A Rita da tia Márcia.

 Um amigo me liga e diz que vai abandonar tudo. Tudo mesmo:
 “Leo, eu larguei minha mulher, meus filhos, minha casa a empresa da família. E vou seguir meu sonho. Igual você”.
 Igual a mim? 
 Combinamos de ir num bar. Meu amigo parecia mesmo muito alterado. Seu estado eufórico era seguido de tremedeiras e muita falação.
 “Minha faculdade foi um erro. Meus filhos... Eu nem queria filhos, foi minha esposa quem quis. Foi ela também que quis dar esses nomes franceses para eles. Morar num apartamento neoclássico. Trabalhar nessa fábrica de embalagens do meu pai. Casa na Riviera de São Lourenço. Tudo um erro.”
 Coitado do meu amigo achou que encontraria um aliado em mim. Afinal temos a mesma idade e eu nunca entrei numa faculdade de administração, nem nunca casei, ou freqüento Jurerê internacional, Fernando de Noronha e a Daslu.
 “Mas a minha vida não é melhor que a sua”. Tentei explicar lhe.
 “Você tem as gatinhas novinhas de vinte, faz as baladas durante a semana, come quem quer... Atrizes, universitárias, cantoras e garçonetes”.  
 Ele me convenceu que sua felicidade estava em concretizar dois sonhos: O primeiro era se tornar cantor sertanejo.
 “Podemos formar uma dupla Leo. Seu nome é bom pra dupla sertaneja: (Vitor e Leo), (Leandro e Leonardo). Que tal: Rafael e Di Caprio?”
 Eu lhe expliquei que não tenho talento pra música. “Mas e o segundo sonho?”
 Foi aí que veio a bomba.
 “Eu sou apaixonado desde sempre pela Rita da tia Márcia”.
 Disse assim, como se eu soubesse lá quem é a Rita da tia Márcia.
 Contou-me ser  uma mulher hoje de trinta e seis anos. A tia Márcia é a melhor amiga da sua mãe. Ele dera um beijo na Rita há exatos vinte anos e depois nunca mais conversara com ela. Que a vira no casamento do irmão dela há duas semanas e ainda era apaixonado.
 “Mas ela, essa Rita é casada? É solteira?”
 “Minha mãe diz que nunca se casou. Que nunca soube de nenhum namorado”.
 “Então vá atrás dela”.
 Duas semanas depois toca a minha campainha de madrugada. Abri a porta, era ele, que estava com duas mulheres. Uma de trinta e seis, lindíssima. Alta, magra, com lindos peitos enormes e cabelos compridos e uma outra bem mais jovem talvez de vinte e cinco. Lábios carnudos, baixinha e cabelos curtos, mas também bem atraente. Os três riam.
 Rafael me explicou que marcara com Rita em um bar. Ele estava muito nervoso. Foi logo contando tudo de cara e Rita lhe dera um abraço. Mostrou-se lisonjeada, mas ao contrário do que a tia Márcia e todos imaginavam, ela era casada sim e muito bem casada. Com Cíntia. A dos lábios carnudos. Agora todos riam.

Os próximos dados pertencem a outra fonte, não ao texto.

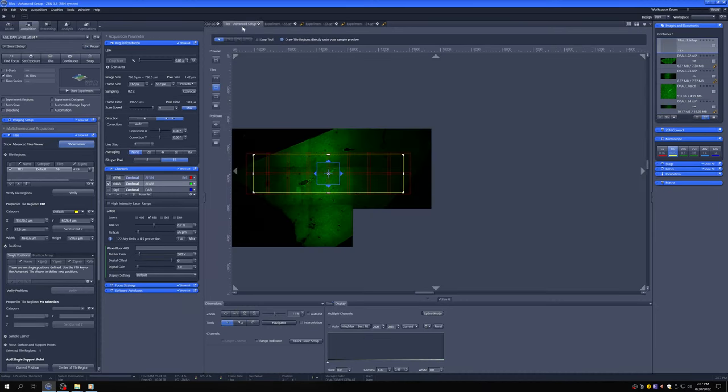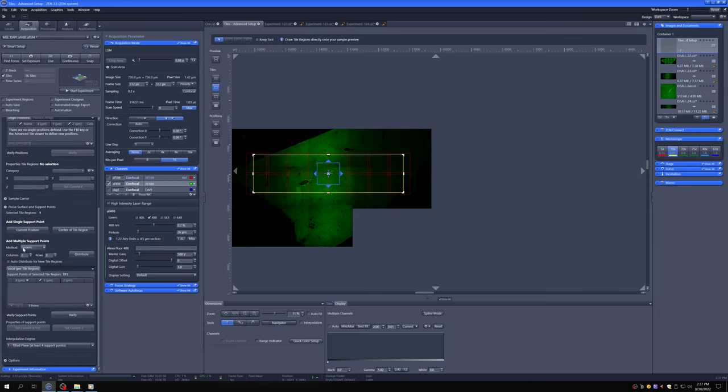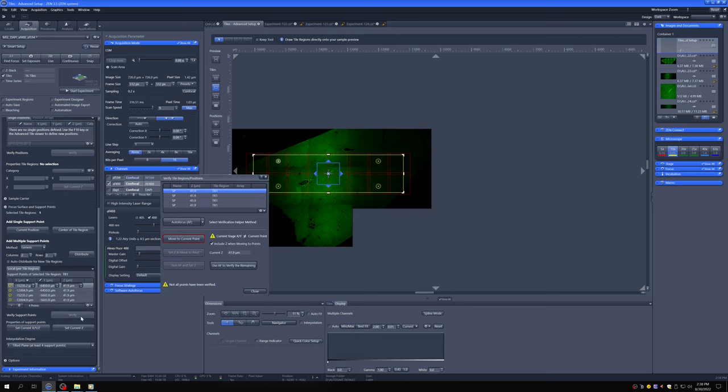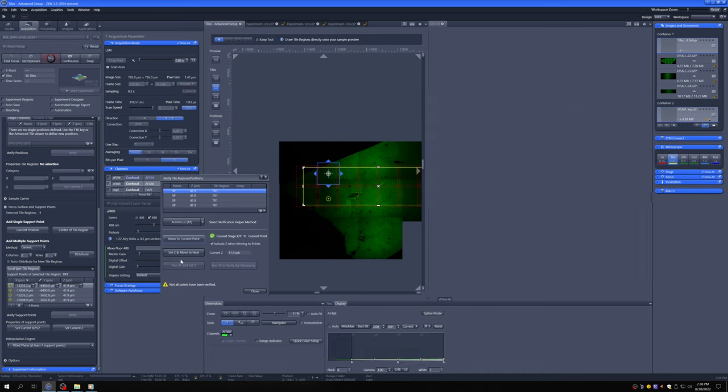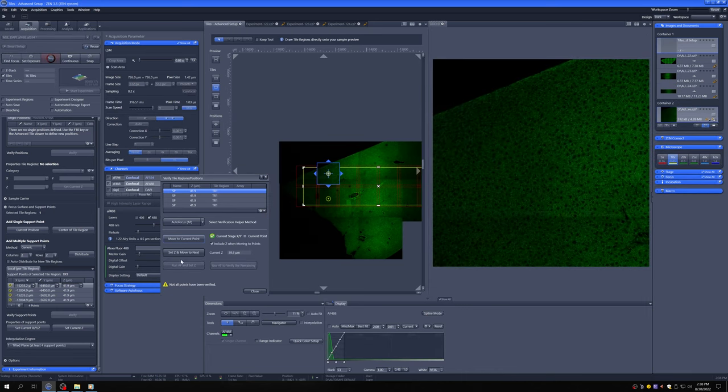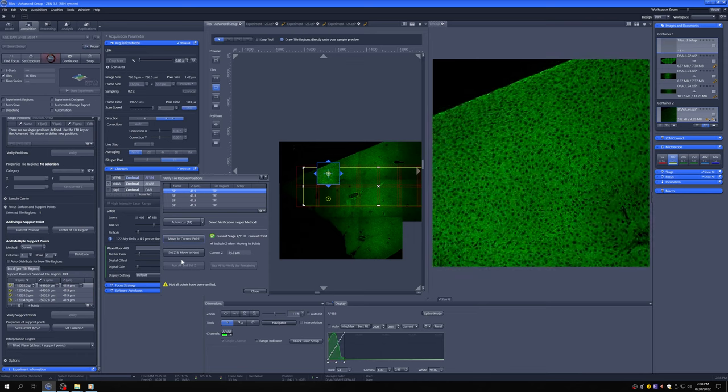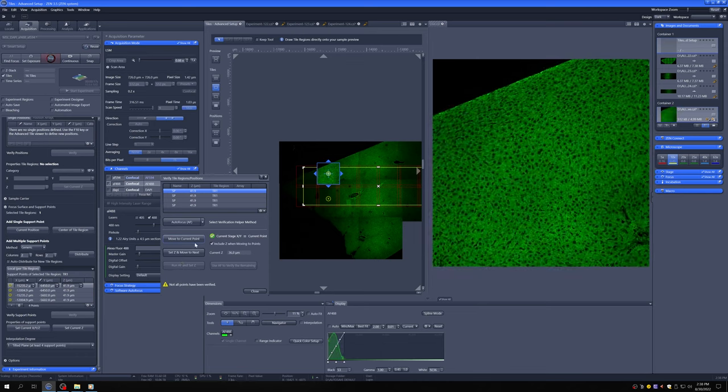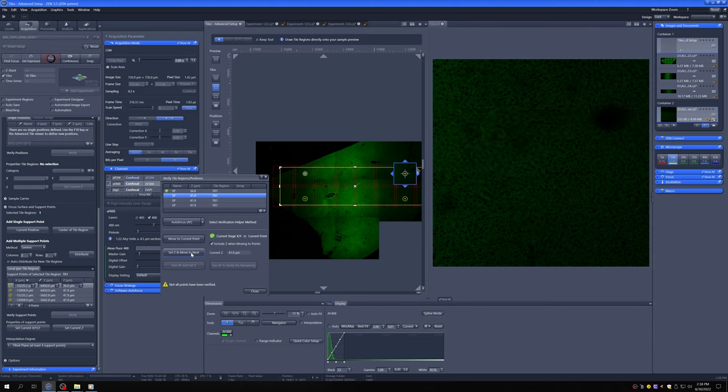What we can do is we go back here and we have this method generic and we distribute the points. These are going to be these points where it checks the focus. So now if we go to this one and say verify, I'm going to move to the current point. It goes there. We go to live and we adjust the focus by hand until this is as bright as it can be. And we say set Z and move to next.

 No dia seguinte, um sábado, Rafael ainda de ressaca voltou pra casa feliz, louco para reencontrar a sua amada esposa. Mas quem abriu a porta foi Rui.
 O Rui da facu. A esposa de Rafael disse que quando Rafael se mudou para o Flat ela adicionou o Rui no facebook e as coisas rolaram. Ela sempre fora afinzassa dele. Ela agradeceu ao agora futuro ex-marido por ter dado a ela um pretexto e coragem de ir atrás do grande amor da sua vida.
 Vanessa e Rui se casaram.
 Hoje, um ano depois eu fui a um show do Rafa. Sua estréia. Ele se tornou cantor de MPB. E não é que ele leva jeito. Casa cheia, aplausos. E beijos de uma gatinha de vinte aninhos. Amiga da Cíntia da Rita. Alias a Cíntia dividiu o palco com ele. Ela uma puta cantora. Pena que é casada.
 Eu também leitor tenho dois sonhos. Mas são para outra vida.
 O primeiro é ser fazendeiro. O segundo é casar com a minha “Rita da tia Márcia”. A diferença, é que a minha sabe e sempre soube do meu amor. E ao que consta lamentavelmente gosta de homem e não canta.
 Leitor, não demore mais. Corra em busca da sua “Rita da tia Márcia.” Ou ainda do "Rui da facu".